Uprzedziłam tylko Stylesa, że Charlie śpi i wyszłam z mulatem. Na początku Zayn
był trochę spięty ale później się rozkręcił. Pospacerowaliśmy po parku, byliśmy
w kinie, a teraz jemy kolację w jakiejś restauracji. Dużo się o sobie
dowiedzieliśmy, ale co dobre szybko się kończy i musieliśmy wracać. Zayn
odprowadził mnie pod same drzwi i na pożegnanie dostałam od niego całusa w
policzek. Weszłam do domu cała happy, nawet nie sprawdziłam co z młodym tylko
od razu poszłam spać.
*Oczami Harrego*
Nareszcie poszli. Powoli wdrapałem się po schodach do pokoju
Charliego, cichutko uchyliłem drzwi i wślizgnąłem się do pomieszczenia.
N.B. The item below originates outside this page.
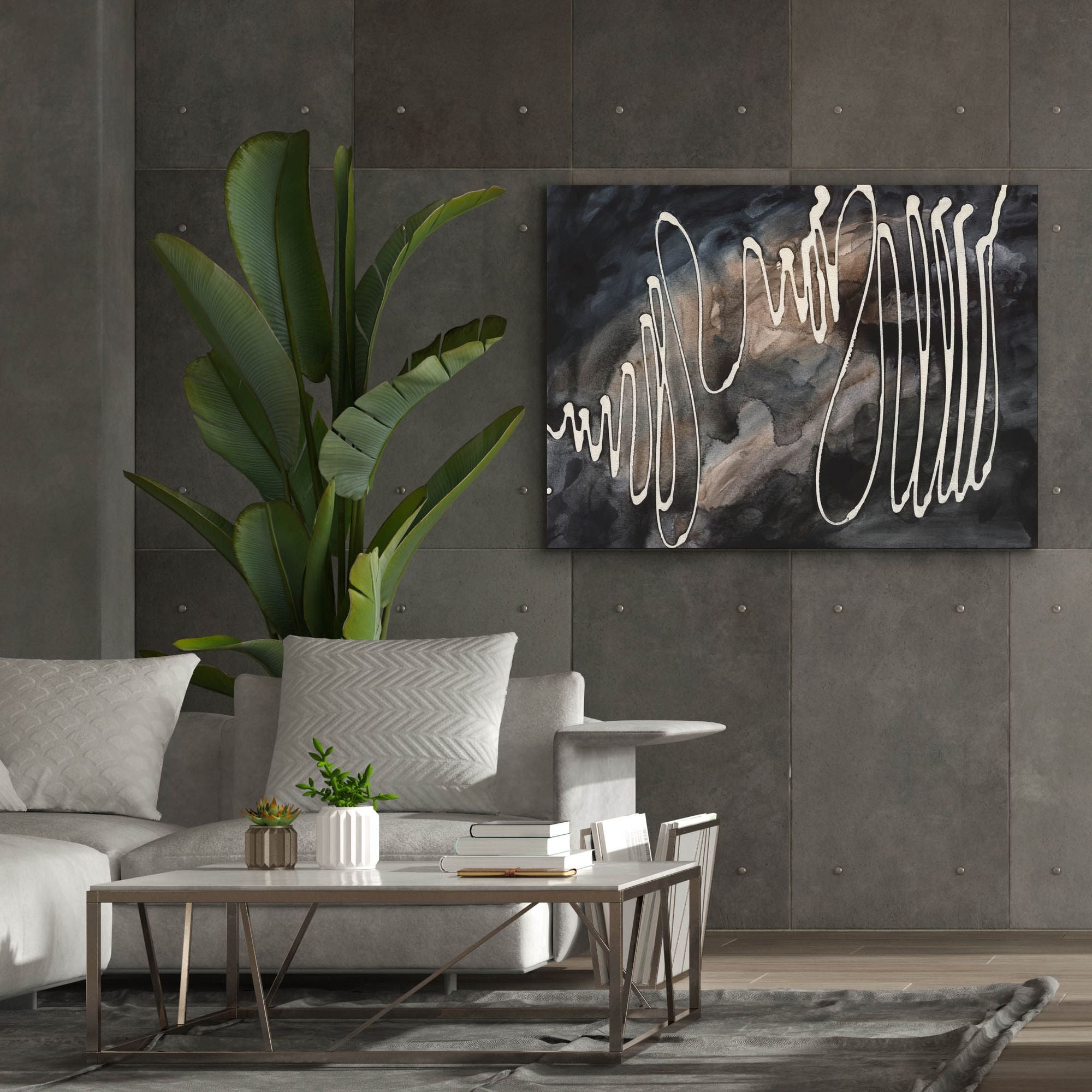 'Midnight Swirl IV' by Regina Moore, Canvas Wall Art,54x40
Aniołek
to słodziutko spał że aż żal budzić mi go było, więc położyłem się obok
przyciągając go bardzo blisko siebie. Wpatrywałem się w jego malinowe usta i
znów chciałem ich zasmakować. Zacząłem się schylać. Byłem coraz bliżej, jeszcze
kilka milimetrów i moje wargi spoczęły na jego miękkich usteczkach. Mmm smakują
truskawkami. Jak bym mógł całował bym cię Charlie w nieskończoność. Odkleiłem
się z niechęcią o niego i sprawdziłem czy śpi, uff nie obudził się ale był
bardzo zarumieniony. Jak by wiedział co się stało. Czekaj, czekaj czy on… O ta
mała menda, nie wolno udawać. Zacząłem szeptać mu do ucha:
- Mam na ciebie ochotę skarbie.- wymruczałem- jak byś wiedział
co się dzieje teraz w mojej głowie, już dawno nie był byś taki niewinny.-
chuchnąłem w jego ucho. Charlie momentalnie zasłonił się cały kołdrą i zapewne
zarumienił.
- Skarbie wyłaź z norki, mam ochotę na coś słodkiego. – moja
ręka wślizgnęła się pod pierzynę i objęła w pasie blondaska. Wyciągnąłem go i
przytuliłem się do jego pleców. Zacząłem składać pocałunki na jego szyi oraz
ramieniu kiedy zapytał tym swoim zaspanym głosikiem.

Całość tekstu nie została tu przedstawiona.